A stochastic multi-objective optimization model for renewable energy structure adjustment management – A case study for the city of Dalian, China

Abstract

Due to the depletion of traditional resources and the deterioration of environmental quality, Dalian has always encouraged the explorations and utilizations of renewable energy sources. The research objective of this study is to develop a multi-objective stochastic chance constrained programming (MOSCCP) model for assisting local government to design and execute rational energy exploration and management strategies. The main advantage of this model is that it effectively broadens the decision maker's choice space and provides a more balanced optimization plan.
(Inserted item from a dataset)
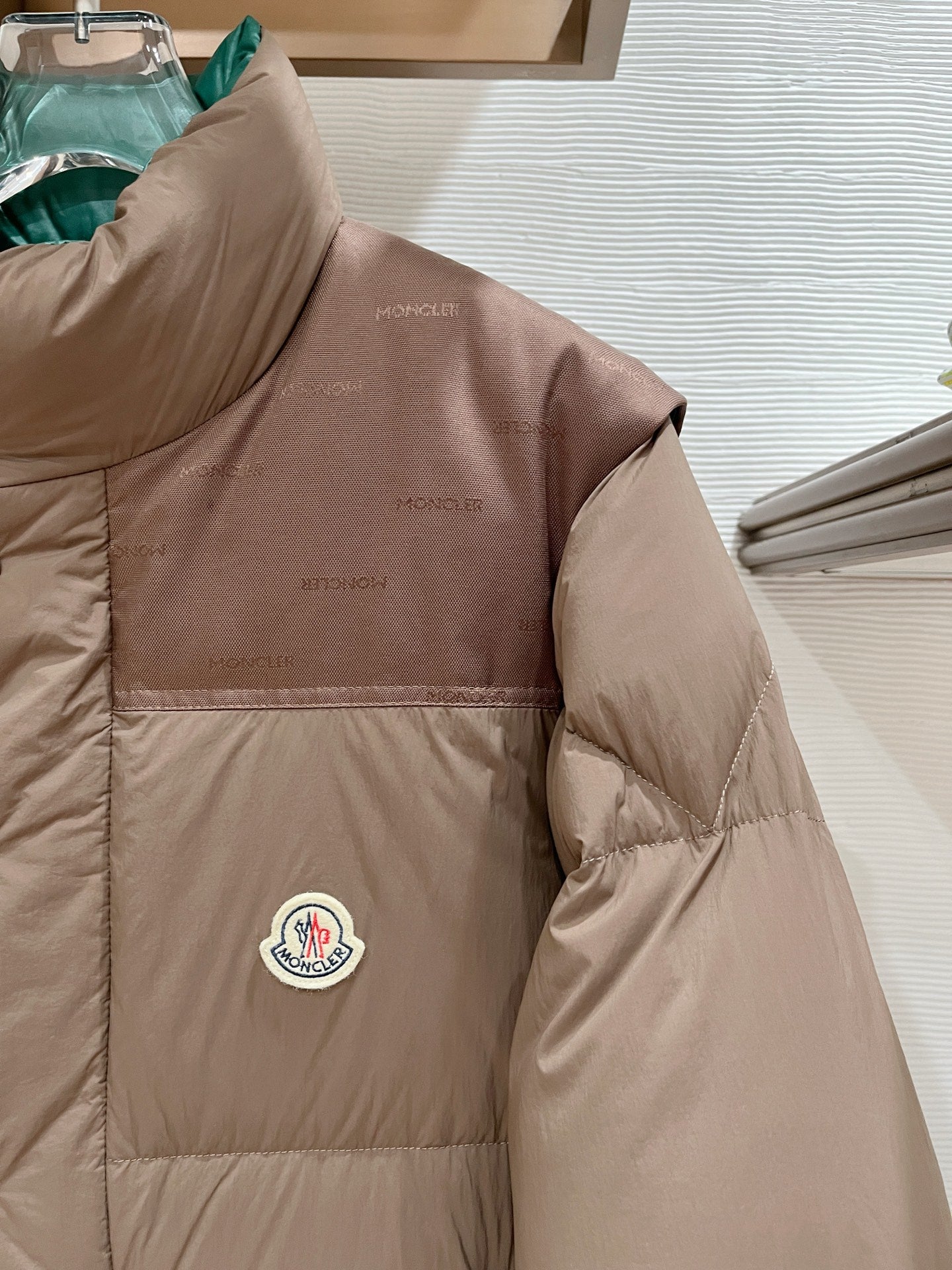 Moncler Designer Puffer Jacket – 2025 Collection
A variety of renewable energy exploration schemes were identified under the reciprocal influence of different weight combinations and constraints-satisfaction levels. The calculation of power generation considering the variation in the meteorological factors was incorporated into the proposed optimization model, which effectively avoid the potential imbalance between electricity supply and demand under climate change. The obtained results verified that the abundant renewable energy sources in Dalian play an important complementary role to traditional energy, where the wind and solar energy always occupy a dominant position in the renewable energy utilization process with an optimal mix of around 83.6% of wind, 10.5% of solar, 5.8% of hydropower and 0.1% of biomass energy generation. In addition, the climate change scenario certainly altered the electricity demand and provision magnitudes, but did not markedly change the core role of wind and solar energy.